By contrast, today's fascination with stories like Star Wars or Lord of the Rings is conspicuously dualistic. The cosmos is a battlefield between the forces of good and evil. This is far closer to the apocalyptic literature of the Qumran sect and the Dead Sea scrolls than anything in Tenakh, the Hebrew Bible. In these ancient and modern conflict narratives the struggle is "out there" rather than "in here": in the cosmos rather than within the human soul. This is closer to myth than monotheism.
There is, however, a form of story that is very rare indeed, of which Tenakh is the supreme example. It is the story without an ending which looks forward to an open future rather than reaching closure. It defies narrative convention. Normally we expect a story to create a tension that is resolved on the final page. That is what gives art a sense of completion. We do not expect a sculpture to be incomplete, a poem to break off halfway, a novel to end in the middle. Schubert's Unfinished Symphony is the exception that proves the rule.
Yet that is what the Bible repeatedly does. Consider the Chumash, the five Mosaic books. The Jewish story begins with a repeated promise to Abraham that he will inherit the land of Canaan. Yet by the time we reach the end of Deuteronomy, the Israelites have still not crossed the Jordan. The Chumash ends with the poignant scene of Moses on Mount Nebo (in present-day Jordan) seeing the land - to which he has journeyed for forty years but is destined not to enter - from afar.

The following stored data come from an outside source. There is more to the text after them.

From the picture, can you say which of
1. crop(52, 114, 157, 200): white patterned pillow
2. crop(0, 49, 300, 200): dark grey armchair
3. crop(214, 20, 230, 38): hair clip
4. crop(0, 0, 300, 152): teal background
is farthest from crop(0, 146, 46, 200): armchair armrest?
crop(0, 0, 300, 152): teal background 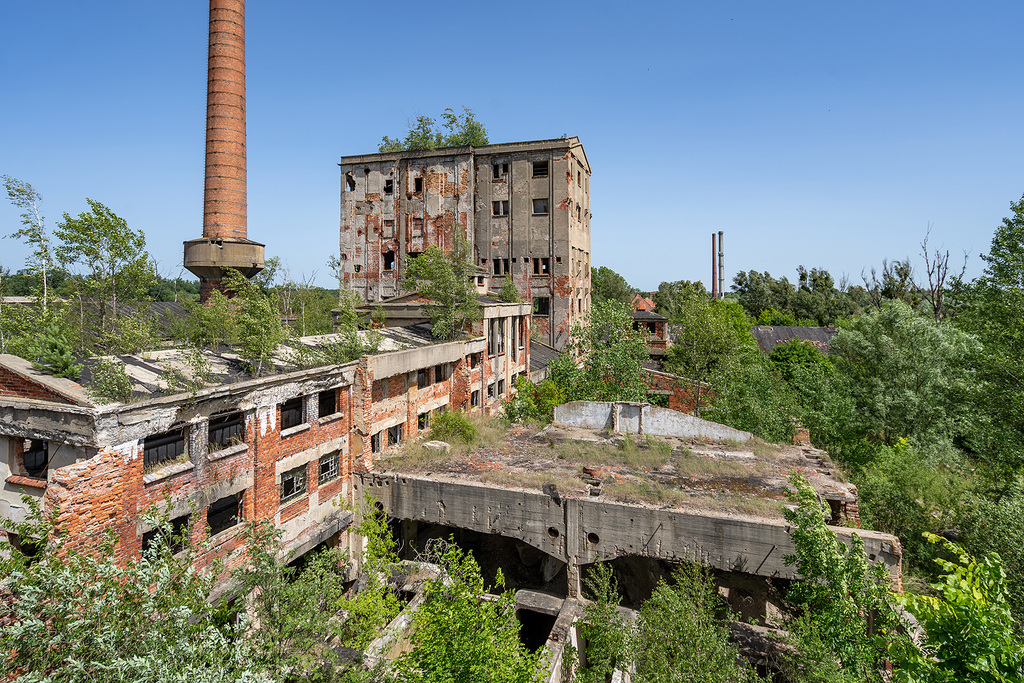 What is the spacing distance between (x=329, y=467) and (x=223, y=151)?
16509mm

Nevi'im, the second part of Tenakh, ends with Malachi foreseeing the distant future, understood by tradition to mean the messianic age:
"See, I will send you the prophet Elijah before the coming of the great and awesome day of the Lord. He will turn the hearts of the fathers to their children, and the hearts of the children to their fathers . . ."
Nevi'im, which includes the great historical as well as prophetic books, thus concludes neither in the present or the past, but by looking forward to a time not yet reached. Ketuvim, the third and final section, ends with king Cyrus of Persia granting permission to the Jewish exiles in Babylon to return to their land and rebuild the Temple.
None of these is an ending in the conventional sense. Each leaves us with a sense of a promise not yet fulfilled, a task not yet completed, a future seen from afar but not yet reached. And the paradigm case - the model on which all others are based - is the ending of Bereishit in this week's sedra.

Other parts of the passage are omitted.